Aquella voz que tanto amaba y que tanto y tan dulcemente había sabido descubrirla, la voz que tan dulcemente pronunciaba su nombre y que hacía que su corazón se desbordara, se iba haciendo cada vez más lejana hasta que, finalmente, dejó de oírse. Fue entonces cuando se hizo un absoluto silencio; sus pasos dejaron de ser y fue entonces cuando un tumulto vertiginoso se inició: trabajo, amigos, familia vociferaban y la reclamaban continuamente exigiéndole cumplir la responsabilidad que ella misma se había impuesto. Ya no pudo más. Des-de el fondo de su alma se dejó oír un grito desesperado:

- ¡Basta ya ¡No puedo dar más de lo que tengo! ¡Quiero amar y ser amada y vosotros no me dejáis! ¡Callaos de una vez para que pueda escuchar esa voz que me ama y a la que quiero amar! El tumulto calló. Pero ahora no se escuchaba la voz que buscaba, sino que ahora era ella la que buscaba con miedo y desesperación aquella voz.

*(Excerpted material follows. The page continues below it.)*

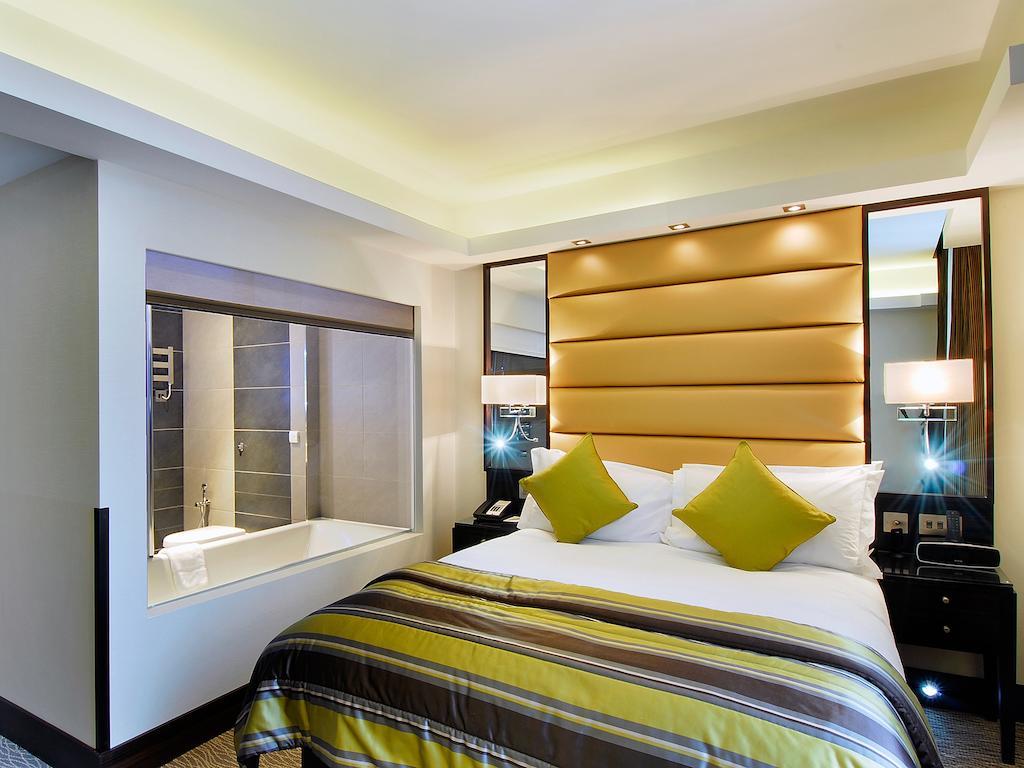 Park Grand Mayfair Londen Buitenkant foto A bedroom at the Hilton London West End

- ¡Voz, déjate oír! ¡Te necesito! ¡Te quiero y siempre te he querido, pero no me dejaban ir a ti! ¿Dónde estás? ¡No me abandones!

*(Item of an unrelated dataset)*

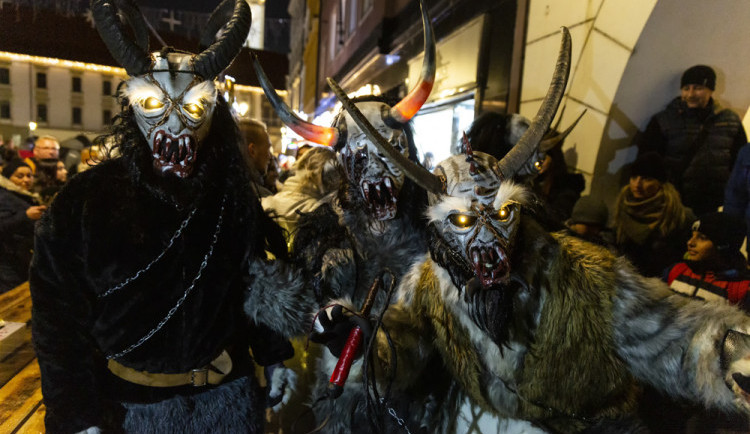 Krampus čerti z Olomouce zavítali do centra města už loni při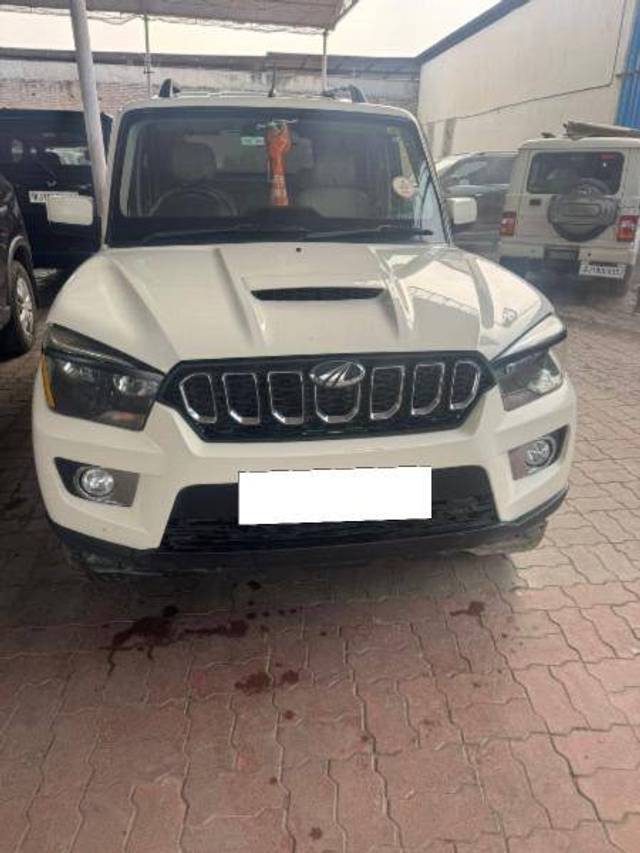 https://images10.gaadi.com/usedcar_image/4413392/original/95a678f862363ae78b56ccf5ae3f0444.jpeg?imwidth=6400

Nada se oyó por respuesta. Solo el eco de sus propios gritos. Cayó de bruces clavando sus rodillas en el suelo y cubriendo su rostro con ambas manos que, rápidamente, se humedecieron con sus propias lágrimas. Su corazón había dejado de latir porque había perdido la esperanza. Recordaba y añoraba continuamente aquella voz. Y se dio cuenta que la había llamado continuamente, pero ella no fue lo suficientemente fuerte como para oírla y aunque sabía que la hubiera llenado con su sonido, se lamentó de no haberla escuchado. Oyó, pero no escuchó.

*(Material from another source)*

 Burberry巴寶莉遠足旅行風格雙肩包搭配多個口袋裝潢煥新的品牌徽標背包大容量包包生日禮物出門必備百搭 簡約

Cuando apartó las manos de su rostro y ante su sorpresa, comprobó que había cambiado: se había convertido en una rosa y estaba inmóvil por haber echado raíces. Sólo podía doblegarse a capricho de la brisa. Cerca de ella pasaban unos y otros y aunque se paraban para contemplarla como rosa, pronto seguían su camino porque comprobaban que no emitía aroma de rosa. Simplemente no olía. Tampoco se acercaban a ella, solo la veían a distancia porque quien intentaba tocarla se dolía de sus espinas. Se conformó entonces con ser una rosa más, sin olor y con muchas espinas, y se sintió vacía, aunque al menos se consolaba pensando que a fin de cuentas era una rosa. El despertador sonó y se despertó sobresaltada, asustada y anonadada por el sueño. Se sentó en la cama unos segundos para levantarse después. Cuando sus ojos contemplaron su imagen en el espejo del cuarto de baño comprobó como en cada pupila de sus ojos, nítidamente, aparecía una rosa que lloraba. Miró el móvil. Ningún mensaje. En el fondo de su corazón sonaba una voz que gritaba. Pero ya no estaba. Y supo que había perdido. Que había perdido la única ocasión verdadera de amar y ser amada.